In trying to provide an exact portrayal of their world, the artists of the north (especially the Low Countries) and Italy took different approaches. In Italy, the human form became the primary vehicle of expression as Italian artists sought to master the technical skills that allowed them to portray humans in realistic settings. The large wall spaces of Italian churches had given rise to the art of fresco painting, but in the north, the prevalence of Gothic cathedrals with their stained-glass windows resulted in more emphasis on illuminated manuscripts and wooden panel painting for altarpieces. The space available in these works was limited, and great care was required to depict each object, leading northern painters to become masters at rendering details.
The most influential northern school of art in the fifteenth century was centered in Flanders.
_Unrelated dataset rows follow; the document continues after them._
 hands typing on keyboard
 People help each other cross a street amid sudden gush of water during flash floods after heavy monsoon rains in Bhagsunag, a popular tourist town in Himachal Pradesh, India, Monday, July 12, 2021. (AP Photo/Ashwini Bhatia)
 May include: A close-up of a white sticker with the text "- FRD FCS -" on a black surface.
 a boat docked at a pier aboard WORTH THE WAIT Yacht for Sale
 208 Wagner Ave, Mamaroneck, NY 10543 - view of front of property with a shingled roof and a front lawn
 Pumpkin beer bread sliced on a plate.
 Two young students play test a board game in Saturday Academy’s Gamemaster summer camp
Jan van Eyck (YAHN vahn YK or van AYK) (c. 1390-1441) was among the first to use oil paint, a medium that enabled the artist to use a varied range of colors and create fine details. In the famous Giovanni Arnolfini and His Bride, van Eyck’s attention to detail is staggering: precise portraits, a glittering chandelier, and a mirror reflecting the objects in the room. Although each detail was rendered as observed, it is evident that van Eyck’s comprehension of perspective was still uncertain. His work is truly indicative of northern Renaissance painters, who, in their effort to imitate nature, did so not by mastery of the laws of perspective and proportion but by empirical observation of visual reality and the accurate portrayal of details. Moreover, northern painters placed great emphasis on the emotional intensity of religious feeling and created great works of devotional art, especially in their altarpieces.
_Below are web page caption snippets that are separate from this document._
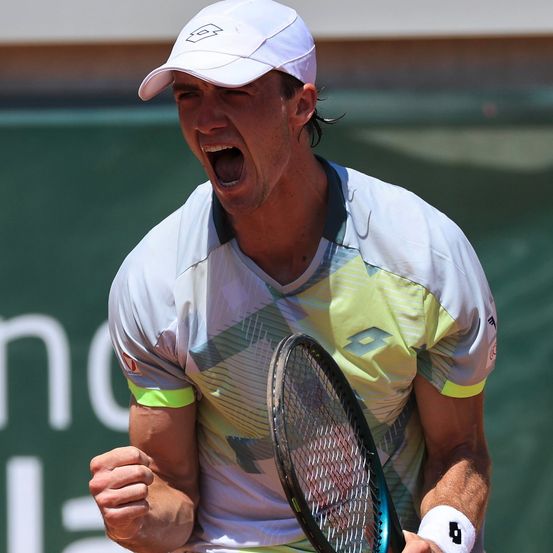 Ein Tennisspieler schreit im Triumph, hält einen Tennisschläger und trägt ein weißes Shirt mit geometrischem Muster.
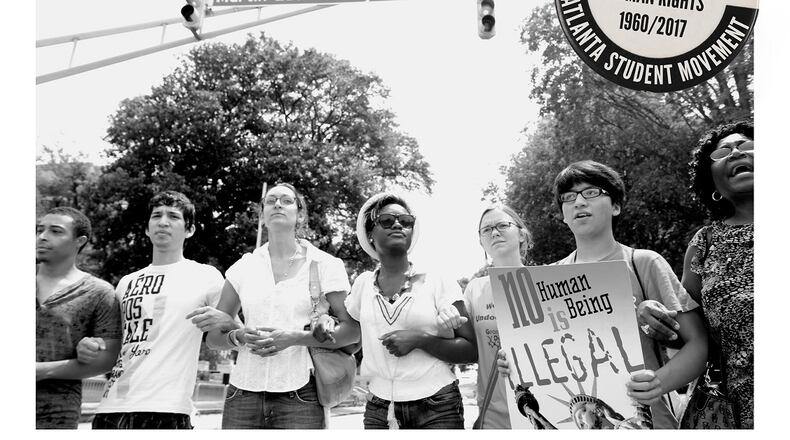 In this photo/graphic provided by the authors of the “New Appeal for Human Rights,” student activists are blocking an intersection in Atlanta as part of a protest advocating for unauthorized immigrant student access to higher education.
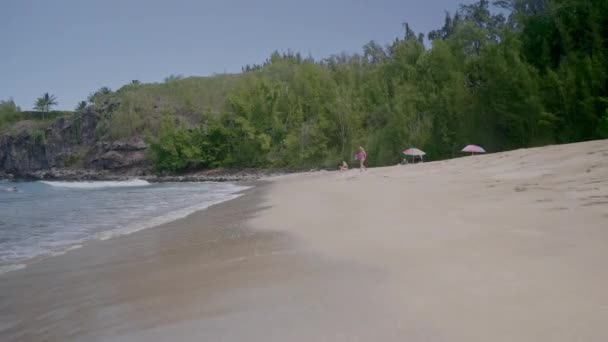 Woman Walks Ocean While Vacation — Vídeo de stock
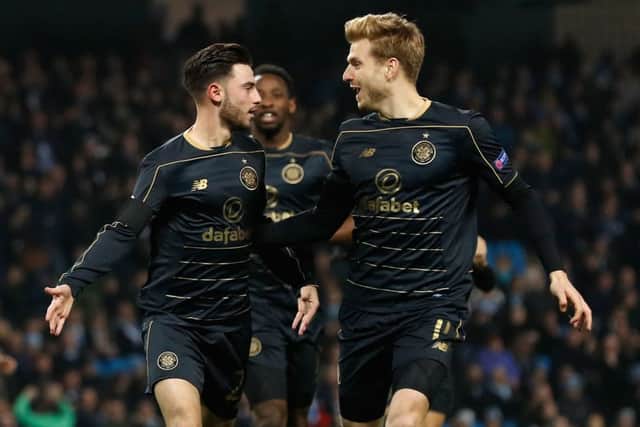 Patrick Roberts (left) celebrates with Stuart Armstrong after opening the scoring. Picture: PA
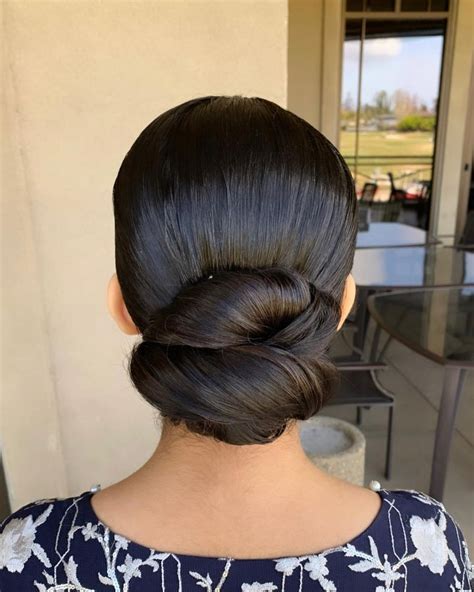 1. Low Chignon with Twisted Layers:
Michelangelo summarized the difference between northern and Italian Renaissance painting in these words:
In Flanders, they paint, before all things, to render exactly and deceptively the outward appearance of things. The painters choose, by preference, subjects provoking transports of piety, like the figures of saints or of prophets. But most of the time they paint what are called landscapes with plenty of figures. Though the eye is agreeably impressed, these pictures have neither choice of values nor grandeur. In short, this art is without power and without distinction; it aims at rendering minutely many things at the same time, of which a single one would have sufficed to call forth a man’s whole application.
By the end of the fifteenth century, however, artists from the north began to study in Italy and were visually influenced by what artists were doing there.
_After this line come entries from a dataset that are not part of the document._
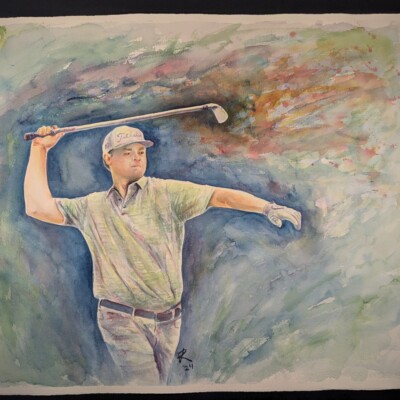 Professional golfer Patton Kizzire carefully evaluates the weight and swing speed of his golf club.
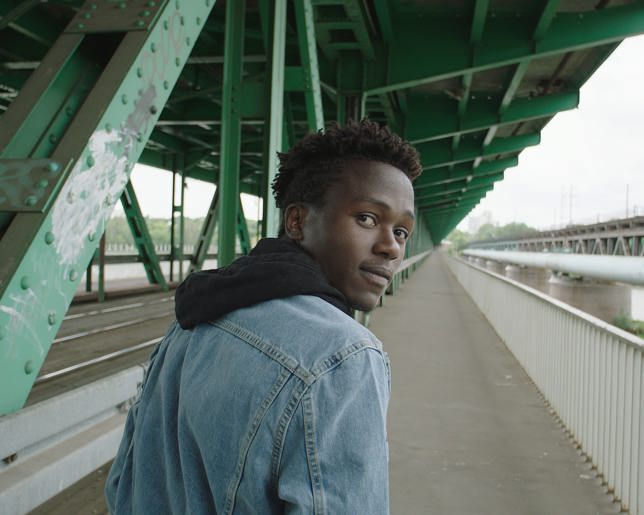 Man looking back whilst walking over a bridge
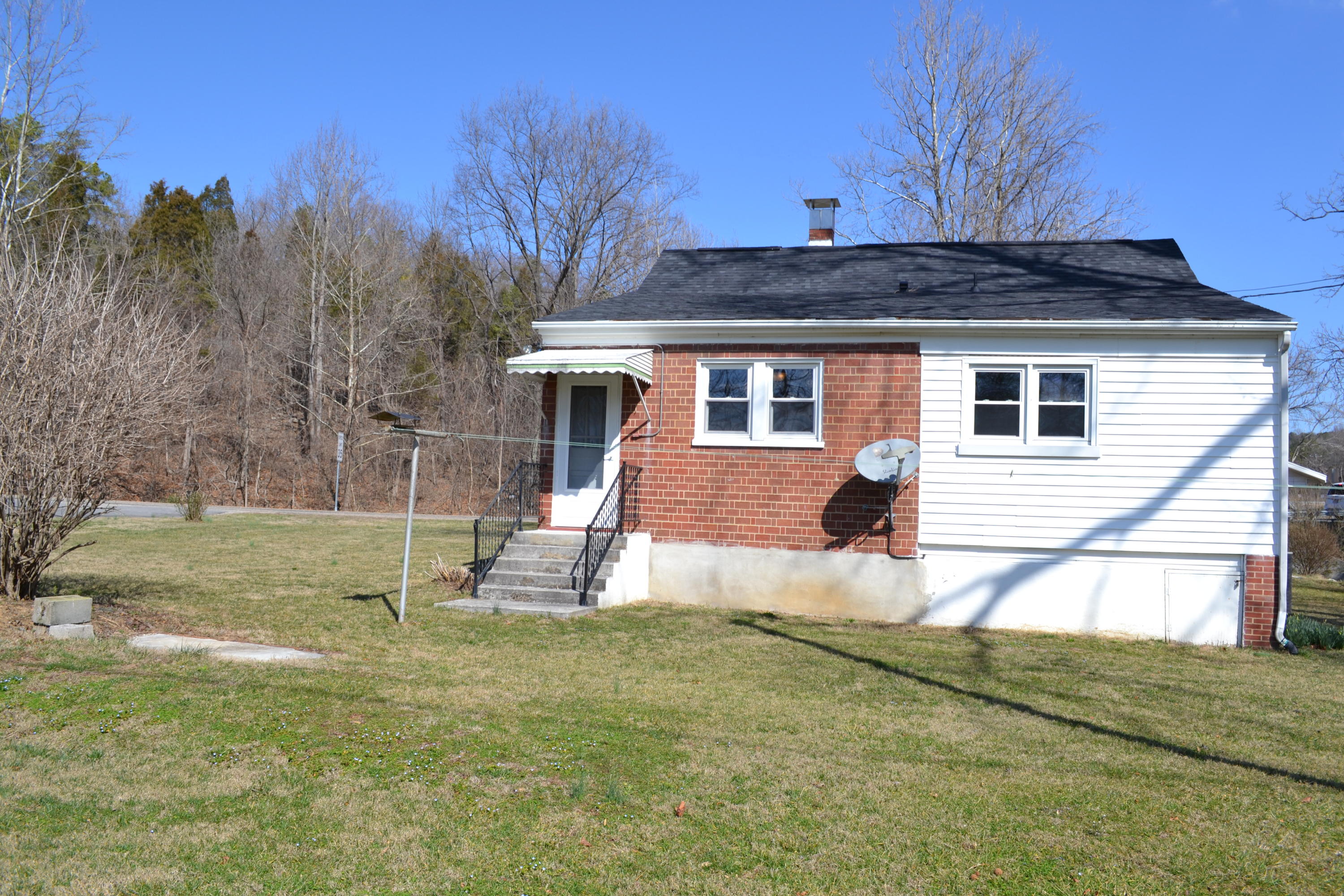 31 Mountain Pass Road Blue Ridge, VA 24064 - Photo 40 of 40 a front view of a house with garden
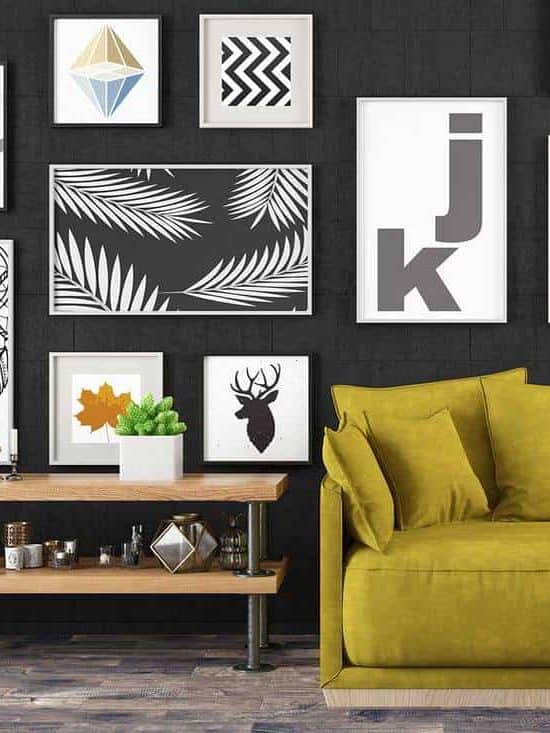 Living room interior with cozy yellow sofa, coffee table, parquet floor and graphic art decors on black wall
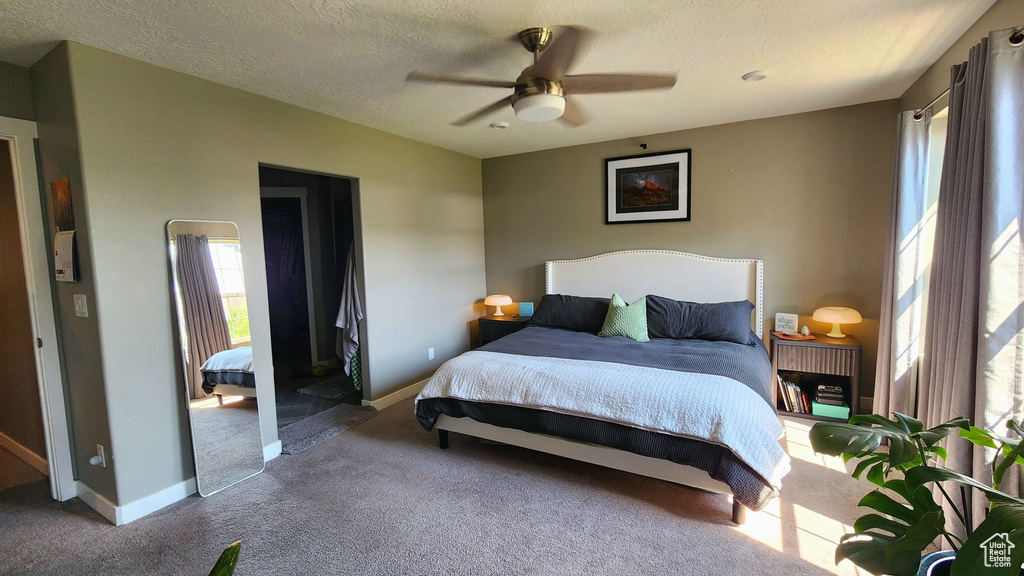 Bedroom featuring carpet flooring, ceiling fan, and a textured ceiling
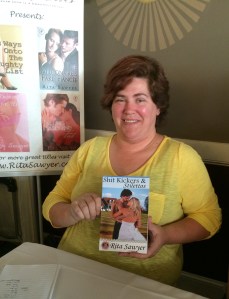 Author Rita Sawyer with her book, Shit Kickers & Stilettos.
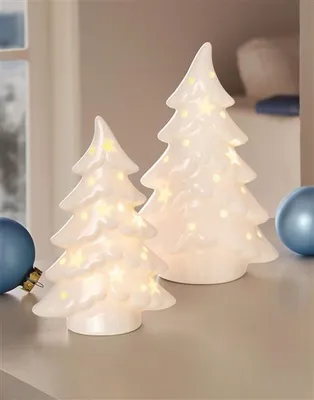 Two illuminated ceramic Christmas trees on a shelf, with blue ornaments in the foreground.
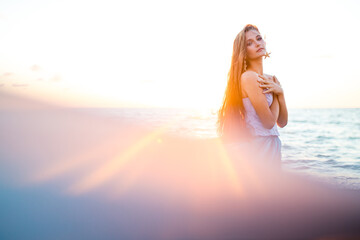 mermaid myth in sunset on beach shore with fish star shells pearls earrings jewelry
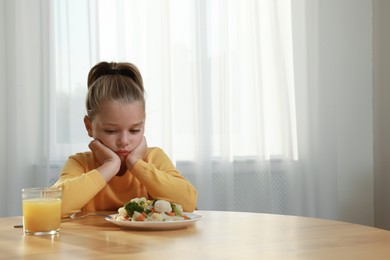 Photo of Cute little girl refusing to eat vegetable salad at home, space for text
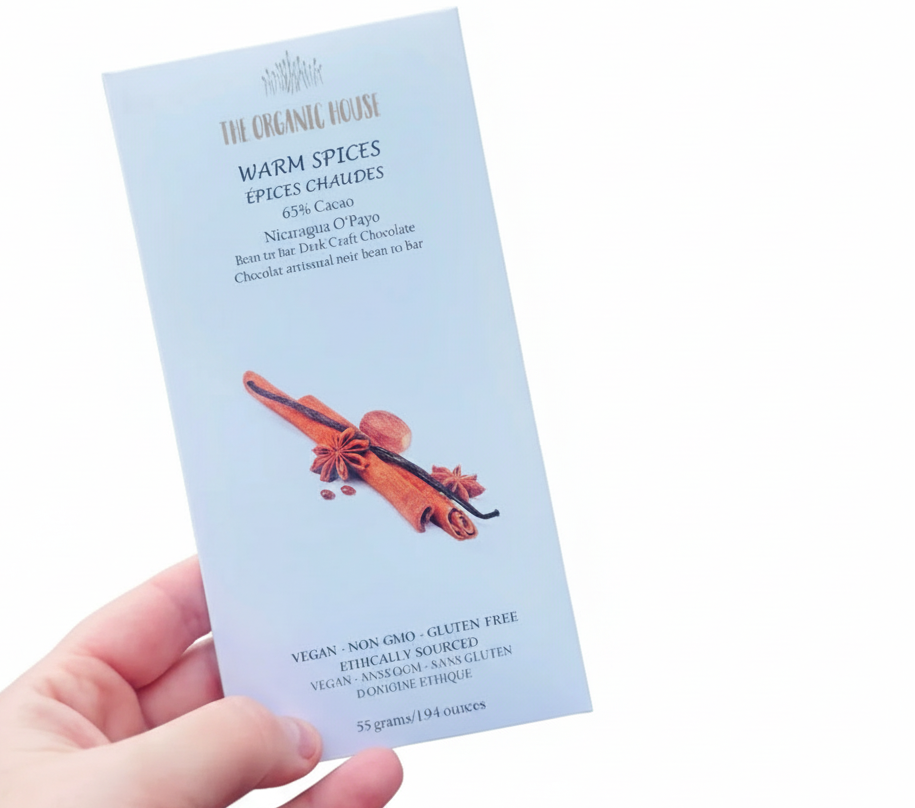 The Organic House Warm spices 65% bar packaging against a white background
One northern artist of this later period who was greatly affected by the Italians was Albrecht Dürer (AHL-brekht DOO-rur) (1471-1528) from Nuremberg. Dürer made two trips to Italy and absorbed most of what the Italians could teach, as is evident in his mastery of the laws of perspective and Renaissance theories of proportion. He wrote detailed treatises on both subjects. At the same time, as in his famous Adoration of the Magi, Dürer did not reject the use of minute details characteristic of northern artists. He did try, however, to integrate those details more harmoniously into his works and, like the Italian artists of the High Renaissance, to achieve a standard of ideal beauty by a careful examination of the human form.